Given data:

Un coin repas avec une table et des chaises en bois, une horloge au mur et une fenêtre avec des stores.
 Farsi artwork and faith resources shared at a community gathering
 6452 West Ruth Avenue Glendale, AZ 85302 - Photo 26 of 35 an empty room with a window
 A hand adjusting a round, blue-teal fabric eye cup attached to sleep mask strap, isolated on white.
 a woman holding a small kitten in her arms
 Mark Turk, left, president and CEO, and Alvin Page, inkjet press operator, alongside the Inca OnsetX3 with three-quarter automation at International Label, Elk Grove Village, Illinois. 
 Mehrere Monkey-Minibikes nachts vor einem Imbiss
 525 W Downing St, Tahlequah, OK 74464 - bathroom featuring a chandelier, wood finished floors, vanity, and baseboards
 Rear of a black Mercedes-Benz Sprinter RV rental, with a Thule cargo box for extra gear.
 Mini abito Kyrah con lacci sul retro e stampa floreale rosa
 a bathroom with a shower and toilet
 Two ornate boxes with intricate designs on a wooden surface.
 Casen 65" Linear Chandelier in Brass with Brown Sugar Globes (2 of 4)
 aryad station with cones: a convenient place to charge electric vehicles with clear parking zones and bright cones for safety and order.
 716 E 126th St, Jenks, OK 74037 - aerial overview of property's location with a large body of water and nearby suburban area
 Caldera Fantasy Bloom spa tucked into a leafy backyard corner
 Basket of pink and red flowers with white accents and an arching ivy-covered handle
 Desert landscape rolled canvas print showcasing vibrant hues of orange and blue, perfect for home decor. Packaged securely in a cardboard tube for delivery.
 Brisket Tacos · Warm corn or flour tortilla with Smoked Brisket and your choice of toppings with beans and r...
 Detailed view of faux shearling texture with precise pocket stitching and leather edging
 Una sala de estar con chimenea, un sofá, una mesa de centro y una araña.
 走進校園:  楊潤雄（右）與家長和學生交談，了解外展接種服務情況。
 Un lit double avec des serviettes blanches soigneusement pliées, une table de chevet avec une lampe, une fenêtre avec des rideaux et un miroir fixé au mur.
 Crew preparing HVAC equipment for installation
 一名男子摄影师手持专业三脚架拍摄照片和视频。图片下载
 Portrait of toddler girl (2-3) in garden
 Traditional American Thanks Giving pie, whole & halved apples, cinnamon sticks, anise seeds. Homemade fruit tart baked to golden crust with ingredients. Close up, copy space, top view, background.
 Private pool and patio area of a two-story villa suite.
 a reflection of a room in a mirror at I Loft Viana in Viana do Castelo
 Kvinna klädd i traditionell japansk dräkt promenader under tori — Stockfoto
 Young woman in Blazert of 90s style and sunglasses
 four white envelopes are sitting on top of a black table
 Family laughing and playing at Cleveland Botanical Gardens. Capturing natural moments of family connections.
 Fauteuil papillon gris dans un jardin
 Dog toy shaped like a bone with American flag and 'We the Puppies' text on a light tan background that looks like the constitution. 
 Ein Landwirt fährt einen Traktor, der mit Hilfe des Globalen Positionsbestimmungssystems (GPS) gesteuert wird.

Exercise details: Each of the records is to be repeated word for word.

Output of the task:
Un coin repas avec une table et des chaises en bois, une horloge au mur et une fenêtre avec des stores.
 Farsi artwork and faith resources shared at a community gathering
 6452 West Ruth Avenue Glendale, AZ 85302 - Photo 26 of 35 an empty room with a window
 A hand adjusting a round, blue-teal fabric eye cup attached to sleep mask strap, isolated on white.
 a woman holding a small kitten in her arms
 Mark Turk, left, president and CEO, and Alvin Page, inkjet press operator, alongside the Inca OnsetX3 with three-quarter automation at International Label, Elk Grove Village, Illinois. 
 Mehrere Monkey-Minibikes nachts vor einem Imbiss
 525 W Downing St, Tahlequah, OK 74464 - bathroom featuring a chandelier, wood finished floors, vanity, and baseboards
 Rear of a black Mercedes-Benz Sprinter RV rental, with a Thule cargo box for extra gear.
 Mini abito Kyrah con lacci sul retro e stampa floreale rosa
 a bathroom with a shower and toilet
 Two ornate boxes with intricate designs on a wooden surface.
 Casen 65" Linear Chandelier in Brass with Brown Sugar Globes (2 of 4)
 aryad station with cones: a convenient place to charge electric vehicles with clear parking zones and bright cones for safety and order.
 716 E 126th St, Jenks, OK 74037 - aerial overview of property's location with a large body of water and nearby suburban area
 Caldera Fantasy Bloom spa tucked into a leafy backyard corner
 Basket of pink and red flowers with white accents and an arching ivy-covered handle
 Desert landscape rolled canvas print showcasing vibrant hues of orange and blue, perfect for home decor. Packaged securely in a cardboard tube for delivery.
 Brisket Tacos · Warm corn or flour tortilla with Smoked Brisket and your choice of toppings with beans and r...
 Detailed view of faux shearling texture with precise pocket stitching and leather edging
 Una sala de estar con chimenea, un sofá, una mesa de centro y una araña.
 走進校園:  楊潤雄（右）與家長和學生交談，了解外展接種服務情況。
 Un lit double avec des serviettes blanches soigneusement pliées, une table de chevet avec une lampe, une fenêtre avec des rideaux et un miroir fixé au mur.
 Crew preparing HVAC equipment for installation
 一名男子摄影师手持专业三脚架拍摄照片和视频。图片下载
 Portrait of toddler girl (2-3) in garden
 Traditional American Thanks Giving pie, whole & halved apples, cinnamon sticks, anise seeds. Homemade fruit tart baked to golden crust with ingredients. Close up, copy space, top view, background.
 Private pool and patio area of a two-story villa suite.
 a reflection of a room in a mirror at I Loft Viana in Viana do Castelo
 Kvinna klädd i traditionell japansk dräkt promenader under tori — Stockfoto
 Young woman in Blazert of 90s style and sunglasses
 four white envelopes are sitting on top of a black table
 Family laughing and playing at Cleveland Botanical Gardens. Capturing natural moments of family connections.
 Fauteuil papillon gris dans un jardin
 Dog toy shaped like a bone with American flag and 'We the Puppies' text on a light tan background that looks like the constitution. 
 Ein Landwirt fährt einen Traktor, der mit Hilfe des Globalen Positionsbestimmungssystems (GPS) gesteuert wird.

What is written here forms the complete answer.